What needs to be done: Give exactly the lines from the one that contains "ASOS – schmal zulaufende chinohose - Natur" through the end of the entries below, both included; the pictures stay out.

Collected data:
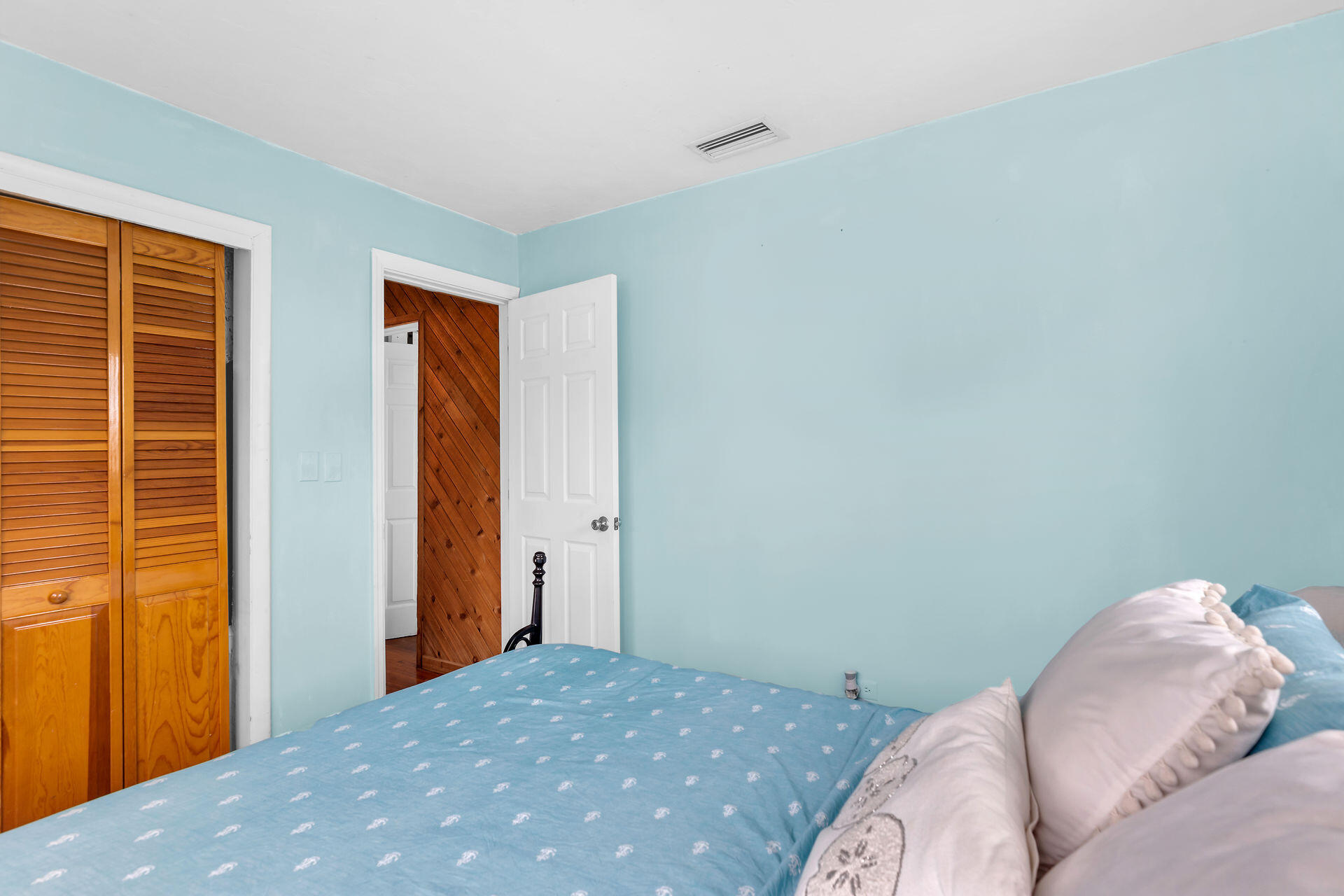 Tavernier, Florida 33070, United States, 2 Bedrooms Bedrooms, ,2 BathroomsBathrooms,Residential,Active,104128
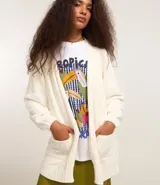 Cardigan largo de chenille con textura acanalada, manga larga y bolsillos delanteros. Presenta un diseño abierto y versátil, ideal para diversas ocasiones.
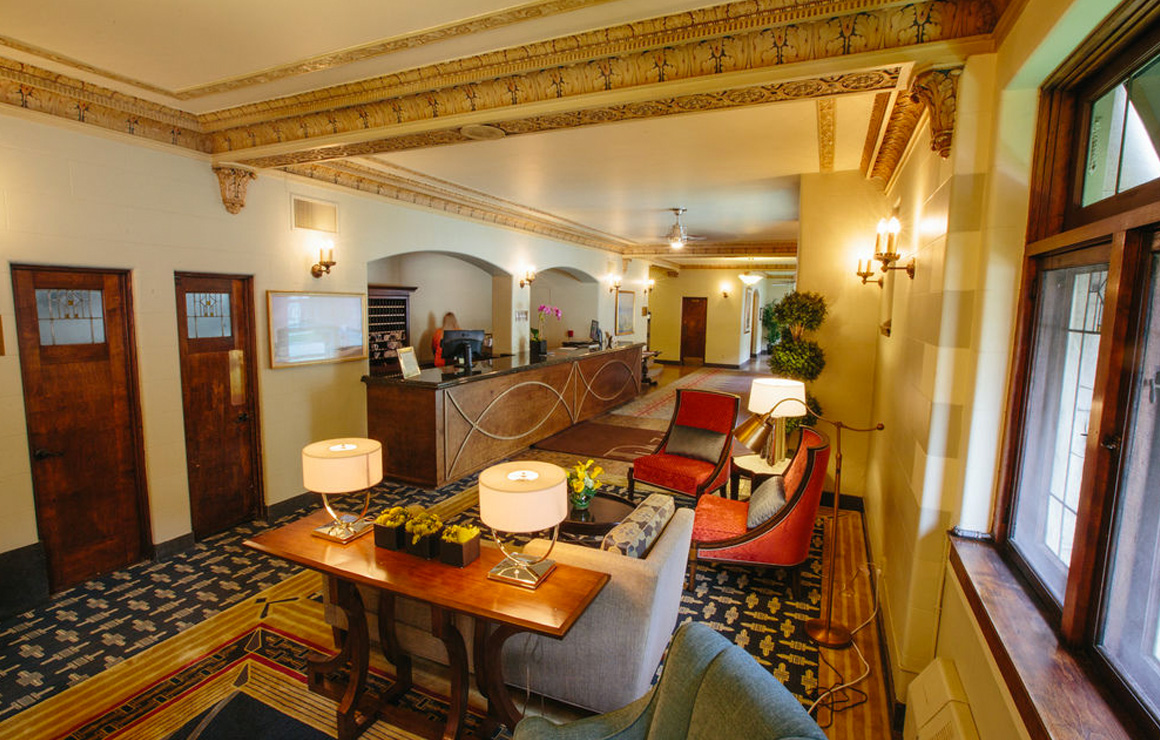 Pettibone Mansion The lobby of the Plaza Hotel in Milwaukee.
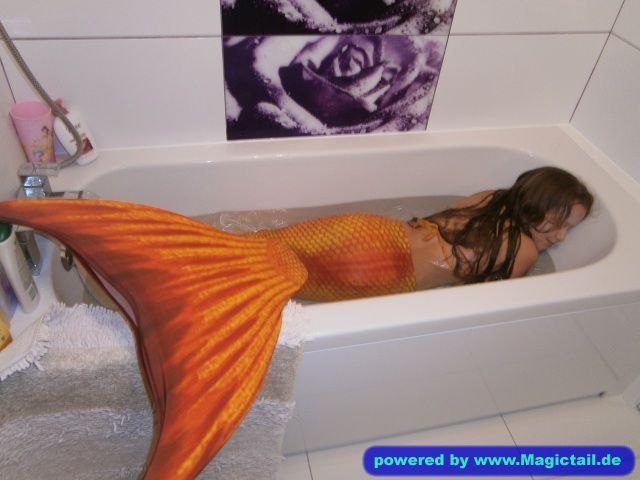 Karo the mermaid:SLEPP FLIP FLOP-ogon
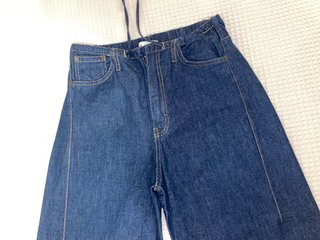 Pantalón vaquero oscuro ZARA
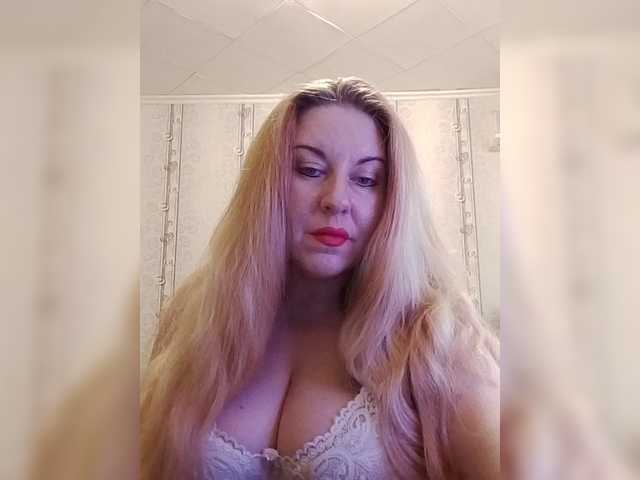 svetlana235 live cam on BongaCams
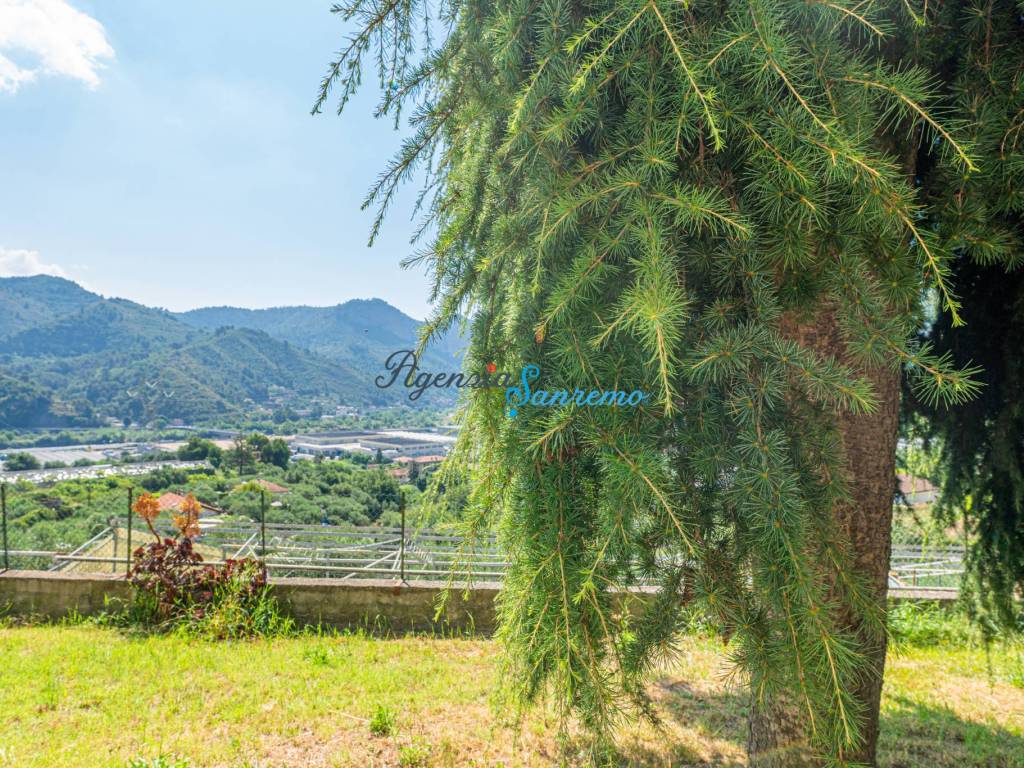 Villa a Ventimiglia in Via alla Stazione, 23 - Foto 4
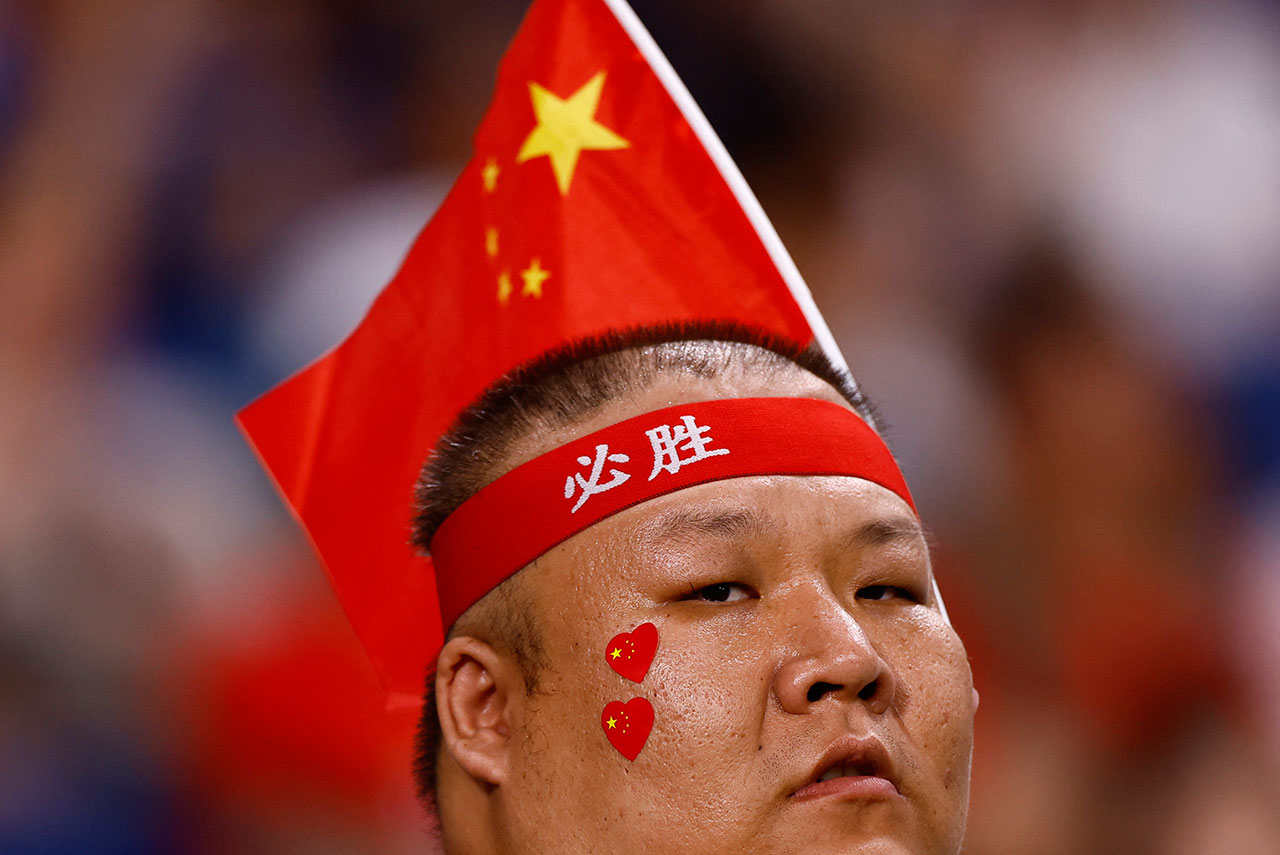 2024-09-05T100530Z_1085257125_UP1EK950S1592_RTRMADP_3_SOCCER-WORLDCUP-JPN-CHN-REPORT.JPG 2024年9月5日,日本埼玉体育场看台上的中国球迷。(路透社)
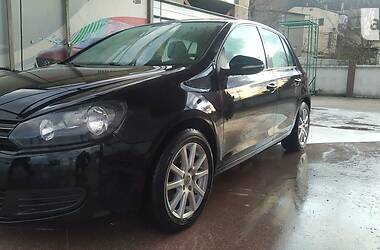 Хетчбек Volkswagen Golf 2009 в 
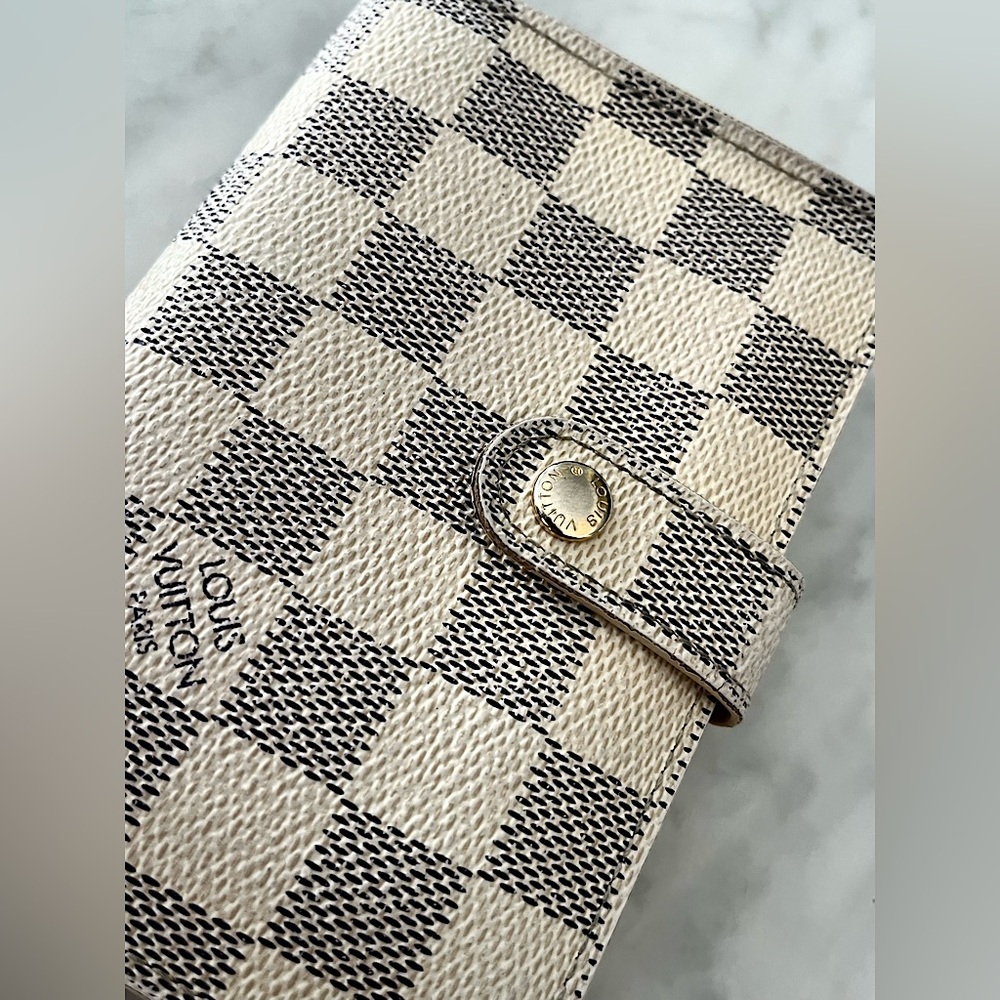 LV DAMIER AZUR KISSLOCK WALLET
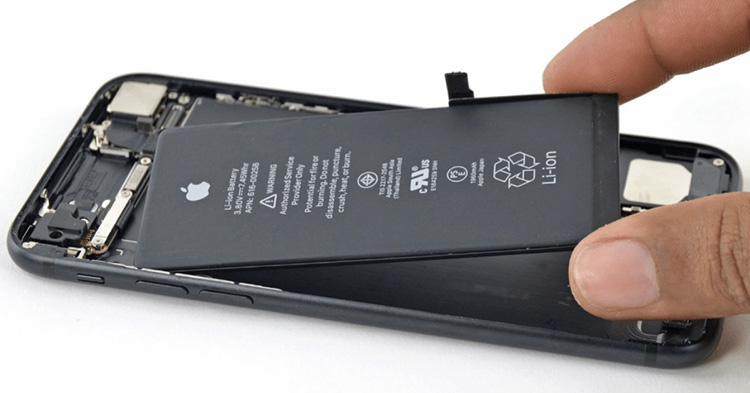 thay-pin-iphone-8-plus-1
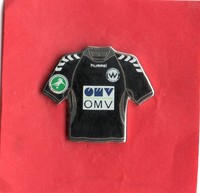 Pin TRIKOT  SV WACKER BURGHAUSEN   SCHWARZ    2013-14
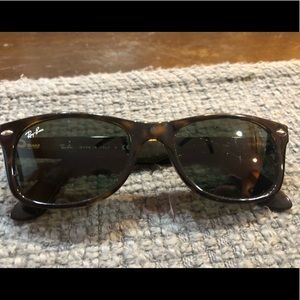 Ray ban New WayFarer Classic women’s sunglasses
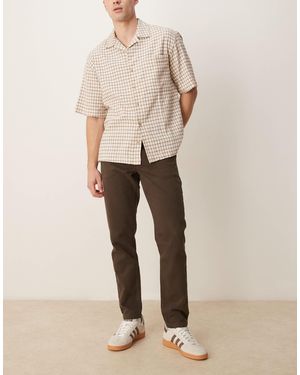 ASOS – schmal zulaufende chinohose - Natur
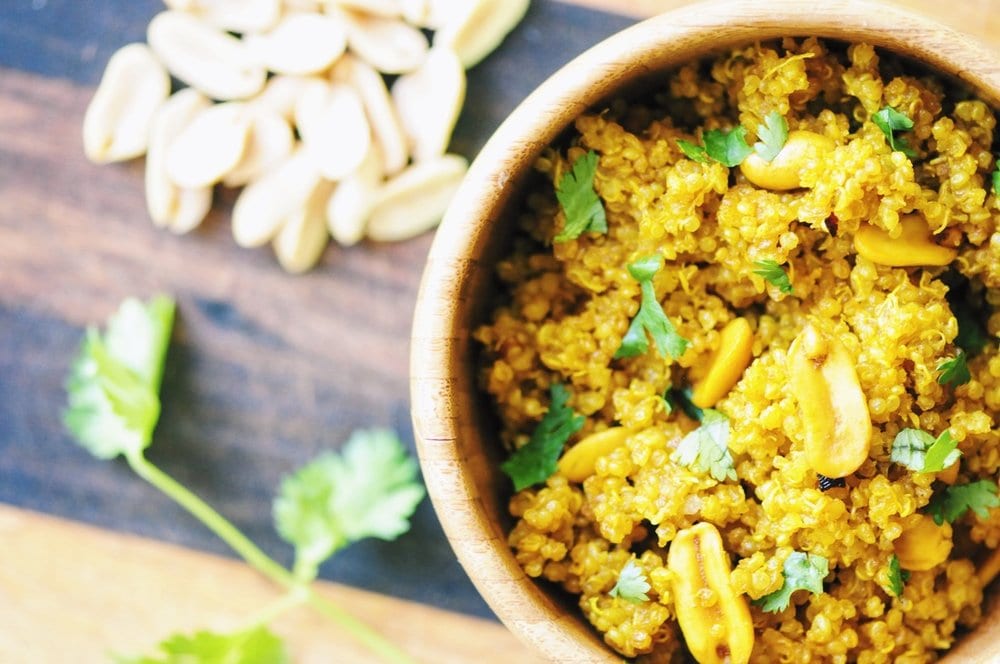  A super flavorful, healthy, and delicious Sweet and Spicy Quinoa Peanut Stir Fry! Gluten-free, vegan and perfect for lunch or dinner. #quinoastirfry #peanutstirfry #vegandinner #glutenfree #sweetandspicy #healthylunch 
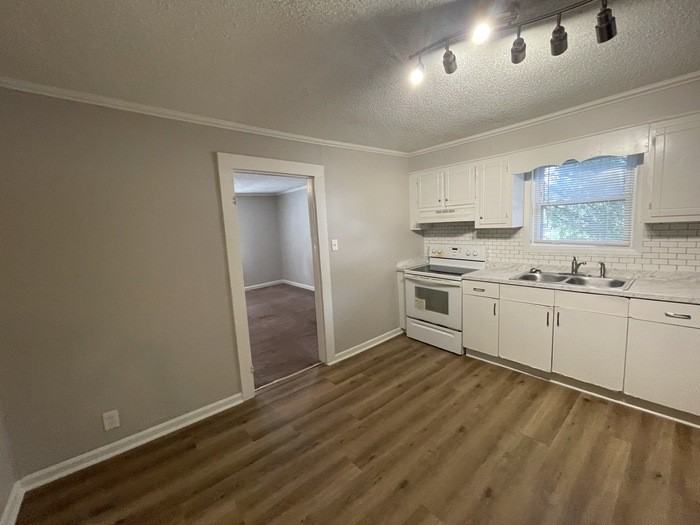 502 S Gray St - Photo 3 of 9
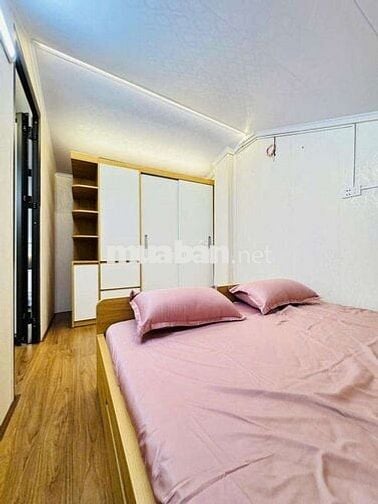 Nhỉnh 2 tỷ tập thể Bạch Mai, tầng 2, 60m, 2N1WC, full nội thất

Task response:
 ASOS – schmal zulaufende chinohose - Natur
  A super flavorful, healthy, and delicious Sweet and Spicy Quinoa Peanut Stir Fry! Gluten-free, vegan and perfect for lunch or dinner. #quinoastirfry #peanutstirfry #vegandinner #glutenfree #sweetandspicy #healthylunch 
 502 S Gray St - Photo 3 of 9
 Nhỉnh 2 tỷ tập thể Bạch Mai, tầng 2, 60m, 2N1WC, full nội thất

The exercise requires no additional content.